In the records below, the relevant part opens with the line containing "Peritajes Civiles y" and closes with the line containing "Cum a fost văzută"; print that part exactly and only, without its pictures.

#### GIVEN DATA:
══════════
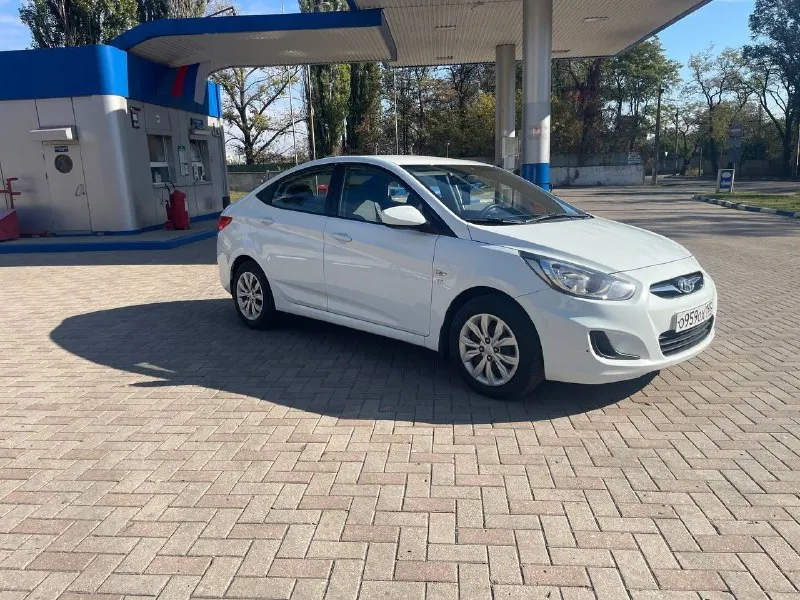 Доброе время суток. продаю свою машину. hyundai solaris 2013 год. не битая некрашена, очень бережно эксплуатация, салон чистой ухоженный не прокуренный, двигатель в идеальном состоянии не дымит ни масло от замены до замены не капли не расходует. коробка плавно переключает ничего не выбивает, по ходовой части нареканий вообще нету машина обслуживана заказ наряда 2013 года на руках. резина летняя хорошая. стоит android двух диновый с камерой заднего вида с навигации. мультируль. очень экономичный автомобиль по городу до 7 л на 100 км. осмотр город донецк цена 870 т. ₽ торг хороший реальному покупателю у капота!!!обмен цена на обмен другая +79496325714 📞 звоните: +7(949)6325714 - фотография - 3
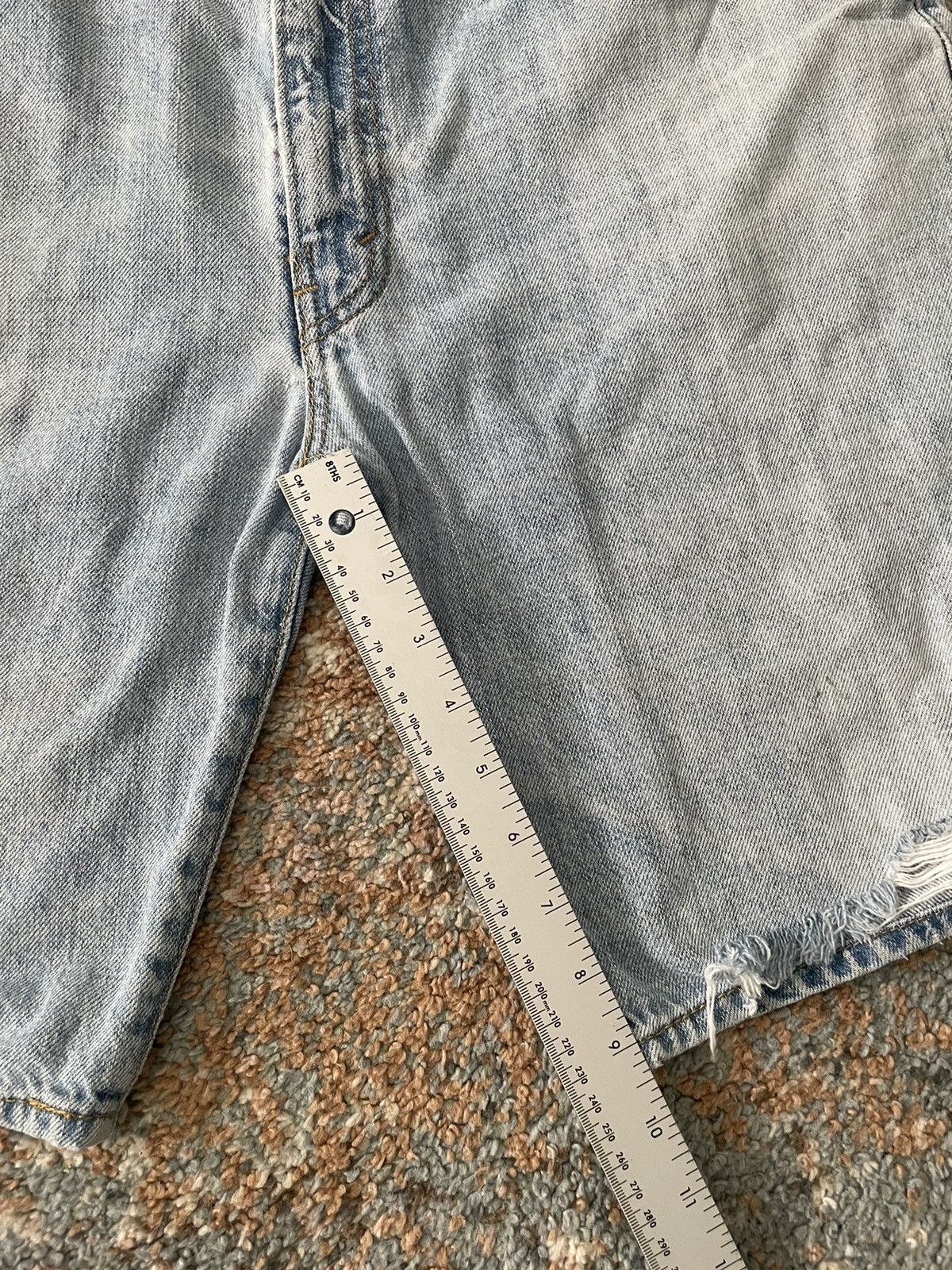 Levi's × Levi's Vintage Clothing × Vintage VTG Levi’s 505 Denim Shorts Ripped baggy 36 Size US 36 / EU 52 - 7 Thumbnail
══════════
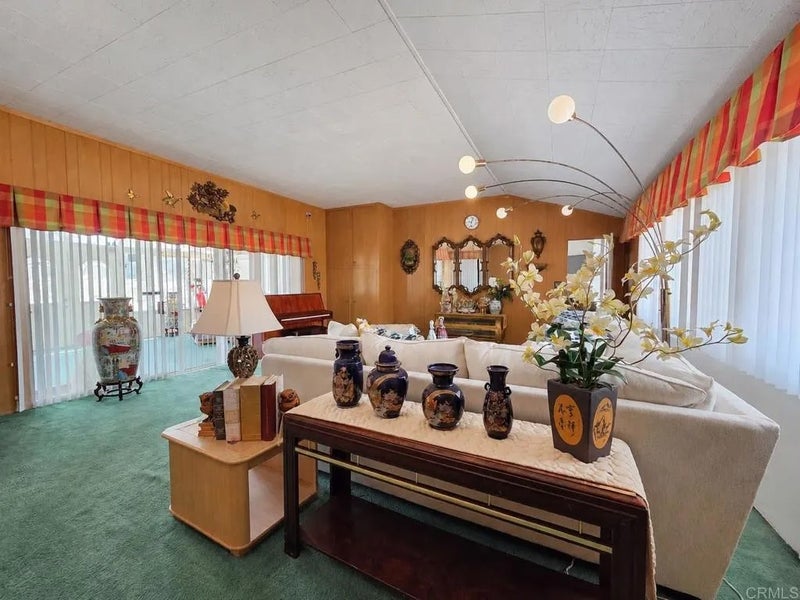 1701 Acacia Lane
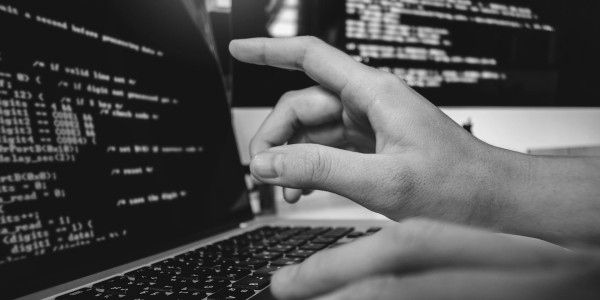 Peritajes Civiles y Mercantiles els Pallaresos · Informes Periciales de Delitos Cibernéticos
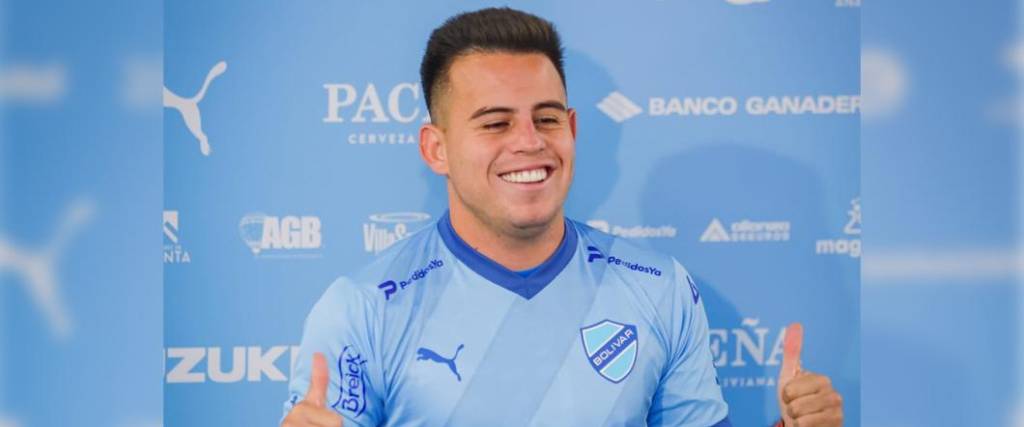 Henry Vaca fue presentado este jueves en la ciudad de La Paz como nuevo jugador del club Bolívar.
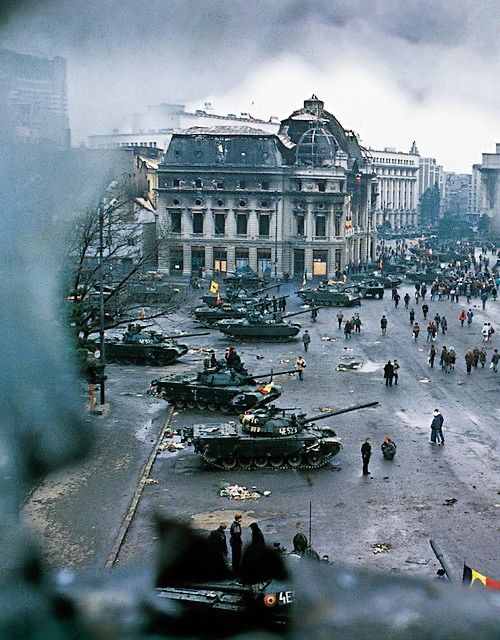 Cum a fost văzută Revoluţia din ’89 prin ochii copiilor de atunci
══════════
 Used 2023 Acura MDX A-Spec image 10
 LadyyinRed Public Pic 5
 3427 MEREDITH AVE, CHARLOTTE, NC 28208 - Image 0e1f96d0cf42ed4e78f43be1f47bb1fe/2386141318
══════════
#### RESPONSE TO THIS TASK:
 Peritajes Civiles y Mercantiles els Pallaresos · Informes Periciales de Delitos Cibernéticos
 Henry Vaca fue presentado este jueves en la ciudad de La Paz como nuevo jugador del club Bolívar.
 Cum a fost văzută Revoluţia din ’89 prin ochii copiilor de atunci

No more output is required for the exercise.